A key to the Rockets’ success was their retooled offense: they launched the second-highest number of three-point shots in NBA history while taking a lower proportion of long-range two-point shots than any other team ever. That kind of approach has earned the approval of basketball nerds, who figured out years ago that three-point attempts are among the highest-yield shots in the sport, and long two-point shots are the lowest.
As it happens, Houston’s general manager is a basketball nerd: Daryl Morey, SM ’00. Unlike many other basketball executives, Morey is not a former NBA player. He worked for a sports analytics firm and got an MBA from MIT before working in pro basketball. Thus the Rockets’ style of offense is no accident. Shooting guard James Harden, the star Morey cannily acquired before the 2012-13 season, is known for his three-point accuracy and his creative drives to the hoop. Center Omer Asik, another acquisition, limits himself to high-percentage shots near the basket and ranks fourth in the league in offensive rebounds, giving his team additional scoring opportunities. With their help, the Rockets made about 51 percent of their two-point shots in the 2013 season—and about 37 percent of their three-pointers, which yielded an even higher rate of return.

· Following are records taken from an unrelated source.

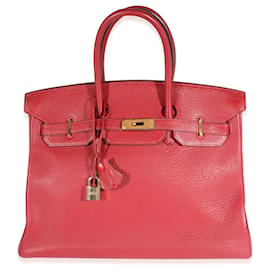 Hermès-Hermès Rouge Grenat Clémence Birkin 35 GHW-Rouge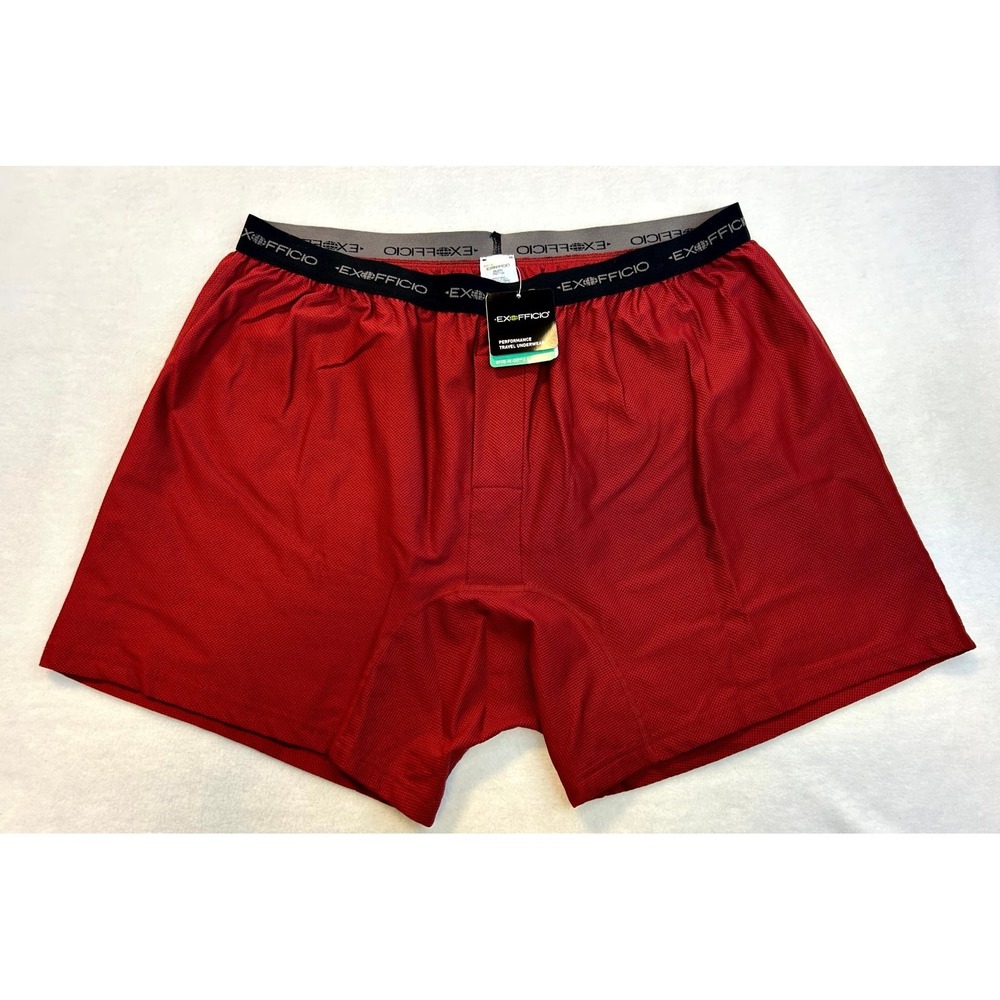 NWT ExOfficio Give-N-Go Boxers Men's Size 2XL Bolero Red Light Mesh Quick Dry - Picture 2 of 10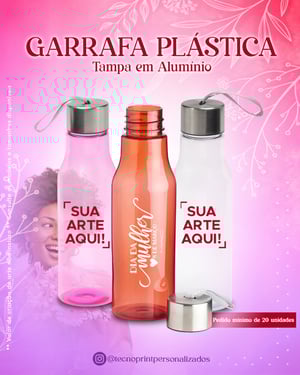 Garrafa com Tampa de Alumínio Plástico e Alumínio 23cm x 6,8 cm    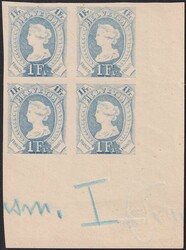 1Fr grauviolettlblau, ES 66.2.01 (geschnittene Libertas-Proben) ...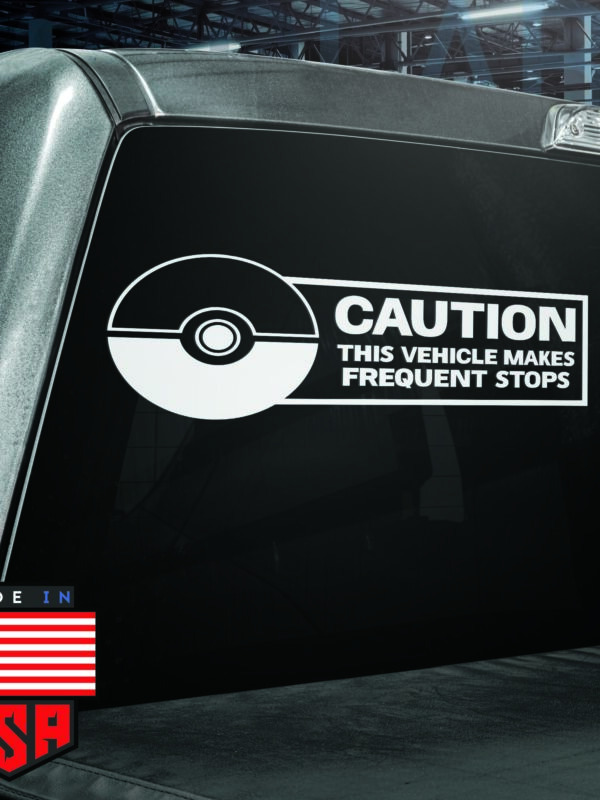 Caution Pokemon Vinyl Decal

The evolution of the Rockets’ offense demonstrates the impact that sports analytics has produced. At one time, this data crunching was mostly the province of amateur geeks and obsessive fans trying to figure out why things happened as they did—how teams won and lost games in the first place. Today, sports analytics is having a discernible effect on the way professional sports are played, and that influence is likely to increase. Compared with today’s overall style of play, “I think what teams are going to be running in 10 years will be totally different,” Morey said at this year’s MIT Sloan Sports Analytics Conference.
In 10 years, there may also be more MIT people working in professional sports. For a school not exactly known for generating professional athletes, MIT is having an outsize influence on sports analytics. Its annual conference is now the showcase event in the field, drawing 2,700 attendees in March this year. Several MIT graduates have already worked for pro franchises; many have produced original research.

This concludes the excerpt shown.